# Maximum Likelihood estimation and the Kalman filter

I know the Kalman filter recursions and can derive these but what I don't really get is how to estimate the hyper parameters using maximum likelihood.

I understand that when running the Kalman filter we get the prediction error and its variance which can be used the construct the likelihood function.

What I don't really get is the order these steps are done in. Am I supposed to:

Method 1

1) Run the Kalman filter given arbitrary starting values and obtain the likelihood function.

2) Maximize the likelihood function wrt to the hyper parameters of the model.

OR

Method 2

1) Estimate the hyper-parameters of the state space model using maximum likelihood.

2) Run the Kalman filter with the hyper-parameters set at these estimates.

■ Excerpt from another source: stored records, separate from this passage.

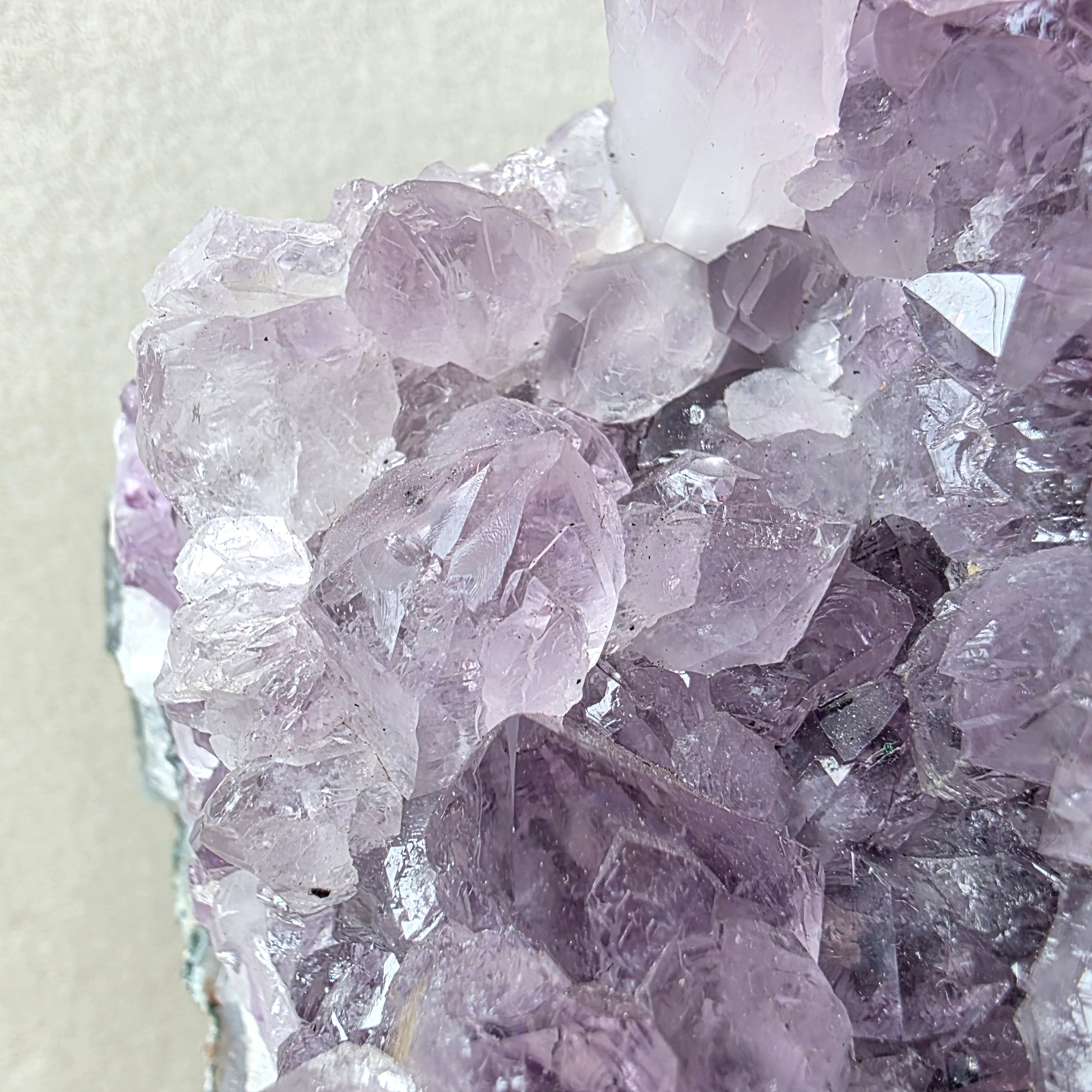 Amethyst +/- 1,006 kg 16x10,5x6 cm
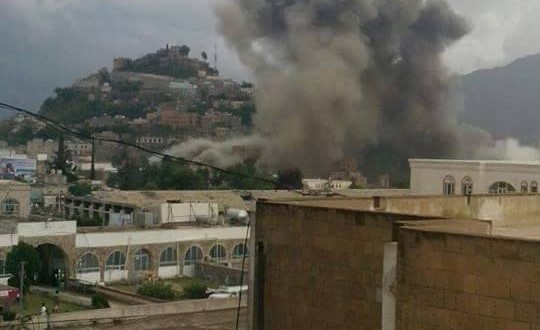 غارة جوية بالخطأ تقتل وتجرح العشرات من أفراد المقاومة والجيش في منطقة العلم بعدن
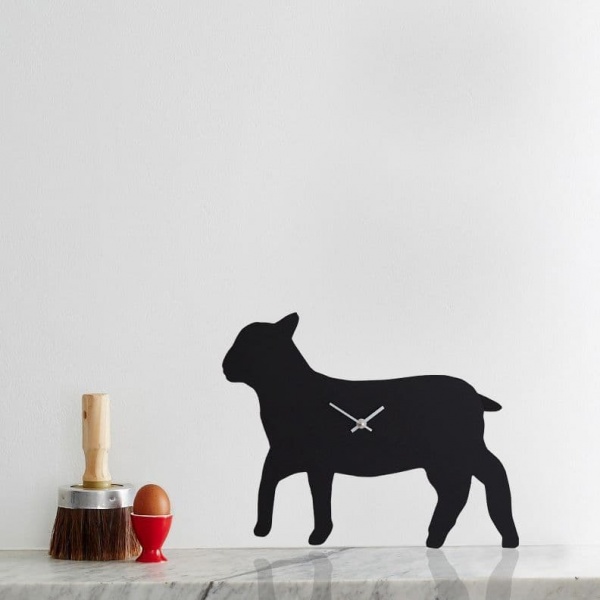 LAMB CLOCK WITH WAGGING TAIL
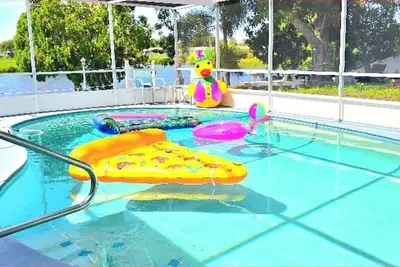 Image de #55 The Lakeside Oasis Pool Home by Joyful Moments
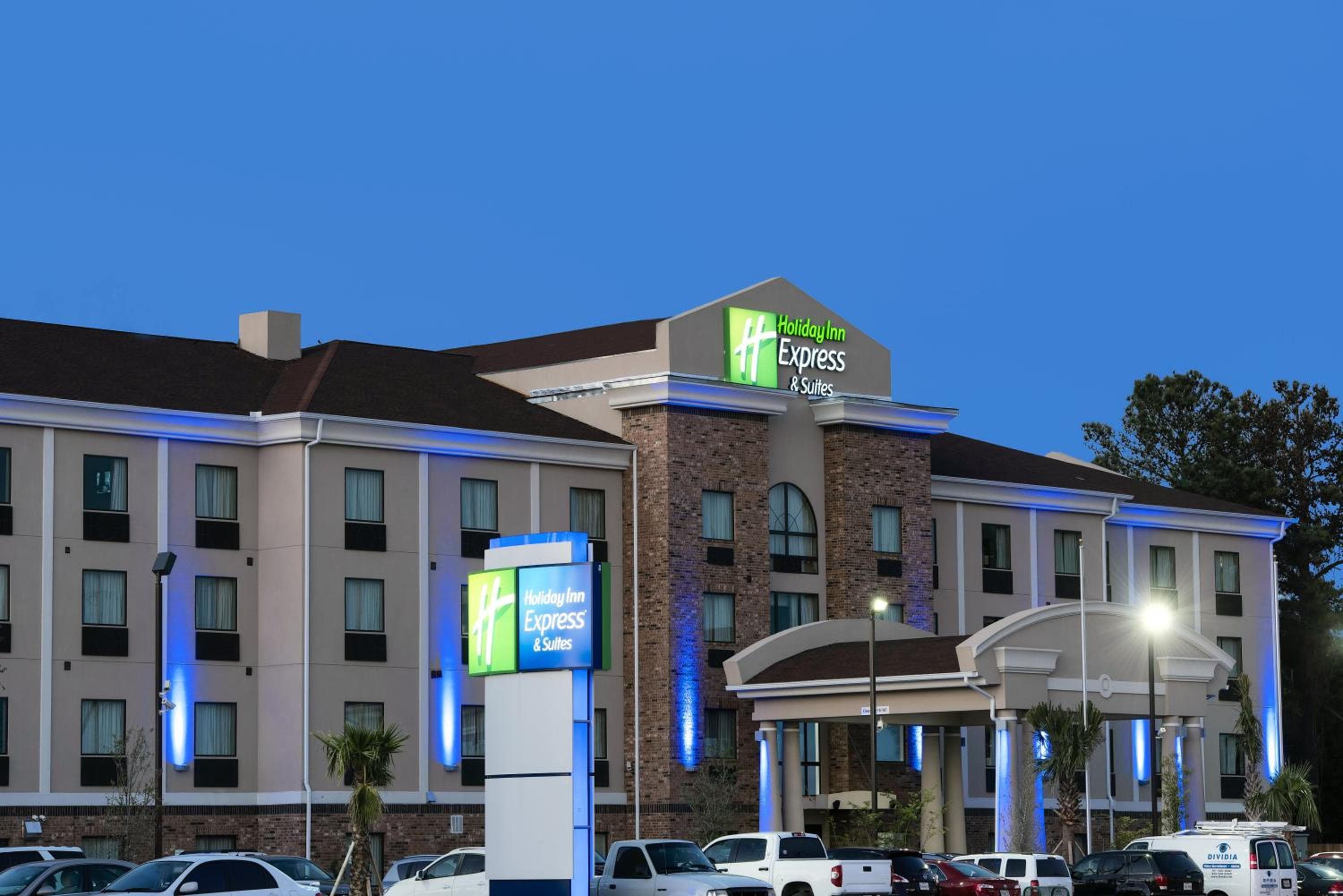 Holiday Inn Express and Suites Houston North - IAH Area by IHG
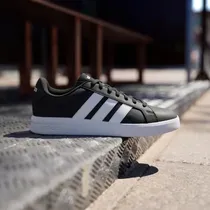  Tênis Adida...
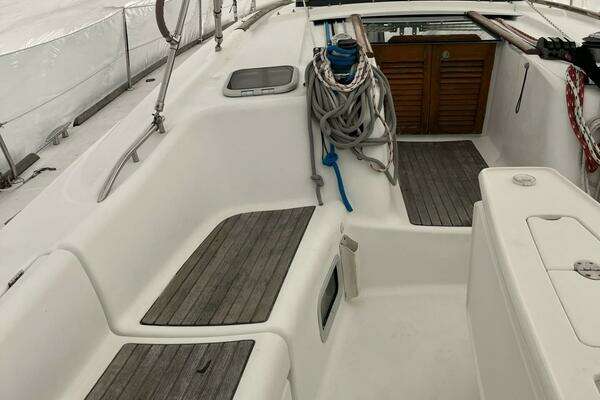 Beneteau 49 Yacht For Sale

I found this question which answers what I need: LogLikelihood Parameter Estimation for Linear Gaussian Kalman Filter. Here the hyper parameters are estimated from the likelihood function and that is the same as the algorithm on p. 8 top in these lecture notes specifies. However, in the same notes it is written (p. 10 mid): "Given a set of optimal parameter values, $\theta_{ML}$, it is now worth to explore the paths of unobserved components...".

Is the correct way to conduct the analysis the following?

Method 3

1) Run the Kalman filter given arbitrary starting values and obtain the likelihood function.

2) Maximize the likelihood function wrt to the hyper parameters of the model.

3) Run the Kalman filter again using the ML estimates obtained in step 2). Use these state estimates in the following analysis?

• Method 2 seems the most reasonable to me: first estimate the parameters of the model by maximum likelihood (as explained in the post that you linked); then, given the optimal set of parameters found by the optimization algorithm, run the Kalman filter or smoother to get an estimate of the state vector. – javlacalle Jun 7 '16 at 6:58
• I'm not sure what you are referring with hyper-parameters. In the context of the model defined in section 2.1 of the document that you link, I would distinguish two elements: 1) the parameters to be estimated by ML, i.e., the variances ($\sigma^2_v$, $\sigma^2_w$, $\sigma^2_e$), and 2) the state vector (latent variables or unobserved components), which are the trend $n_t$, the stochastic drift $g_t$ and the cycle $x_t$. The estimates of the latter should be obtained after having estimated the variances by ML. – javlacalle Jun 7 '16 at 6:59
• Thanks for the comment. By hyper-parameters I mean the parameters determining the stochastic properties of the state vector and the variance parameter. I think method 3 is right (correct me if I am wrong). One sets initial values. Runs the Kalman filter and obtains a likelihood function. Uses these parameter estimates instead of the initial values and runs the Kalman filter again. This process is then continued until convergence. Is this correct? – Plissken Jun 15 '16 at 20:00
• I assume you are updating the parameters at each stage by means of an optimization algorithm, in that case the process seems reasonable to me. – javlacalle Jun 17 '16 at 20:20

I could be wrong, but what makes sense to me is this:

1. define a function for the kalman filtering and prediction. Make that output the log likelihood (using v and the covariance matrix of v). The log likelihood in this case is described in the stack exchange post you refer to. Make sure Q, R, mu_0 and A are free parameters
2. Optimize the function with respect to those parameters by maximizing the log likelihood.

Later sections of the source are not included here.